Energy issues form the backdrop to OE11 event
David Clough sets the scene for a show that puts the sustainability of the oil and gas industry firmly in the spotlight
Offshore Europe is the largest upstream oil and gas event outside North America and is held every two years in Aberdeen. Its location reflects the importance of the North Sea oil and gas industry: the UK Continental Shelf (UKCS) provided 66% of total primary energy requirement in 2009, meeting 94% of the oil demand and 68% of the gas demand.
The consumption of energy in the UK is predicted to rise in the foreseeable future, with the UKCS still expected to provide more than 50% of total oil and gas demand in 2020. The healthy development and sustainability of the North Sea oil and gas industry, therefore, is vital to the future of the UK economy.
The number of oil fields in production has tripled in the last 20 years, and there are plans to develop 70 or more new fields. Up to 24 billion boe (barrels of oil equivalent) are still to be recovered and the 26th licensing round attracted 356 applications the largest number since 1964.
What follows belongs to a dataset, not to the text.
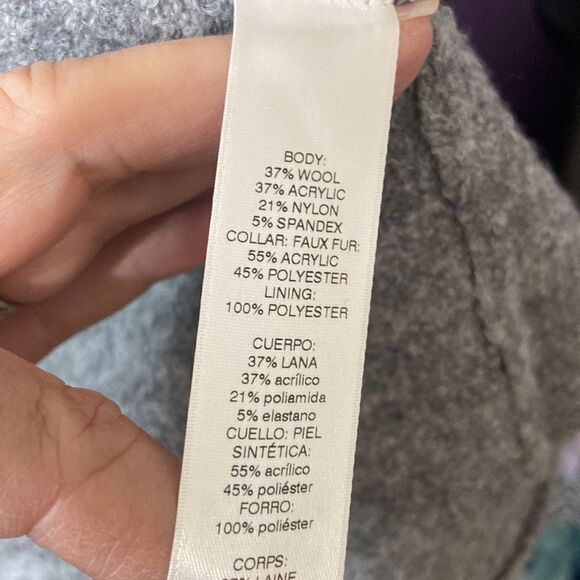 Chicos sweater with faux fur collar - Picture 7 of 8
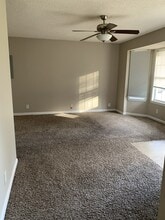 1004 Caroline Dr in Oak Grove, KY - Foto de edificio - Building Photo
Gas is the fuel of choice and will remain so; gas currently provides 40% of the total energy and 40% of electricity generation. The UK has a greater diversity of supplies than anywhere in Europe with pipeline, LNG and storage capabilities and more are planned.
To ensure continuing development and create sustainability, the industry will be looking to companies to provide smart ideas and use of technology to enable the industry to compete globally for the investment needed.
The Ernst and Young Oil and Gas Industry Business Risk report for 2010 highlights the top-10 risks no surprise that uncertain energy policy is number one. Recent tax changes announced in the budget have only reinforced this issue, causing concern when considering long-term investments.
Cost containment and human capital deficit are ranked three and seven, respectively. Here the application of smart technology to help control costs can be deployed reliable, safe control and automation solutions to optimise production, reduce manpower costs and risks can deliver significant operational benefits.
Smart applications, which capture the best practice of the best operators and utilise these as standard operating procedures, can ensure that processes are always optimally operated. The challenge of leveraging experienced worker knowledge can also be assisted by the use of these smart applications, which supplement the fundamental reliable control and safety functions of automation systems.
An additional risk identified specifically for the North Sea is the ageing oil and gas infrastructure, which could pose serious operational threats to companies and jeopardise their reputations and business relationships. Ageing facilities face reliability and obsolescence issues that will impact both safety and production.
The North Sea oil and gas industry has a sustainable future, which will be enhanced by the use of smart ideas to support the companies and operators who remain our important and valued customers.